* WHAT YOU HAVE TO DO:
Can the lines below, from the one that holds "Sardunya golfo aranci" to the very end, be echoed exactly, with both ends included and no pictures?

* DATA BELOW:

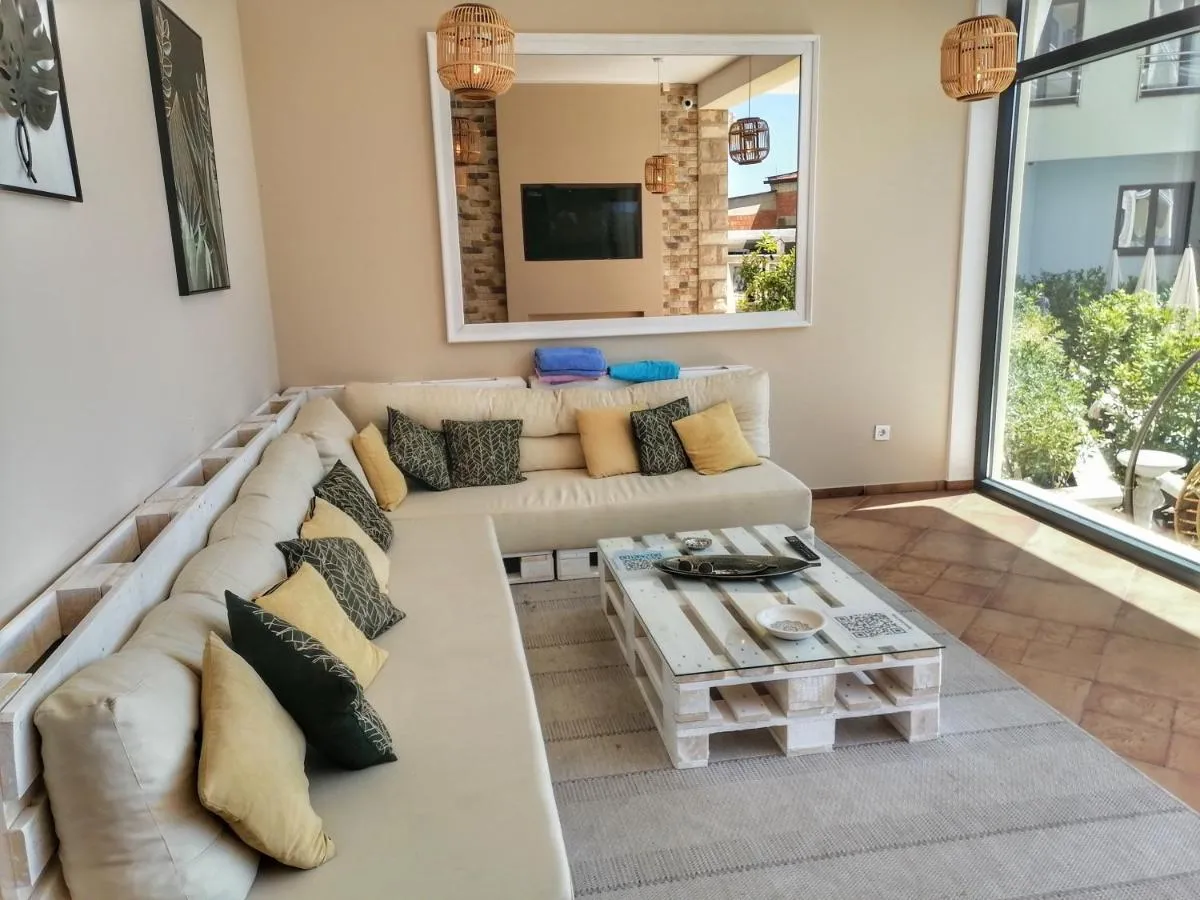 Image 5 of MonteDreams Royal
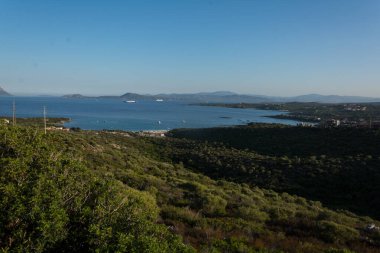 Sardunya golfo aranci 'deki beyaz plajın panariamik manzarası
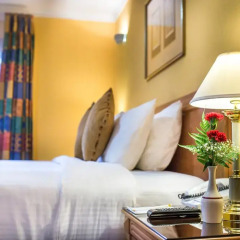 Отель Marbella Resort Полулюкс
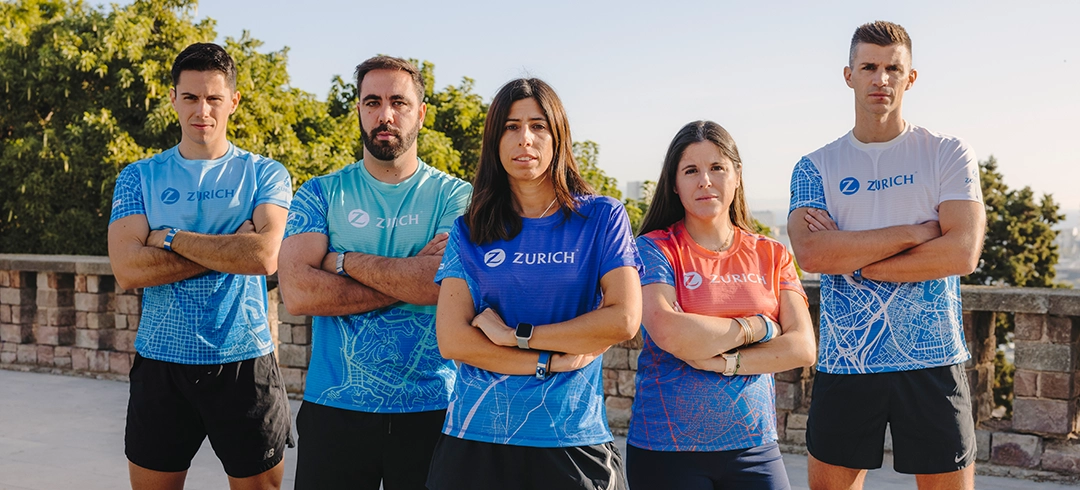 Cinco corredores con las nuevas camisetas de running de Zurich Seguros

* SOLVED PROBLEM:
 Sardunya golfo aranci 'deki beyaz plajın panariamik manzarası
 Отель Marbella Resort Полулюкс
 Cinco corredores con las nuevas camisetas de running de Zurich Seguros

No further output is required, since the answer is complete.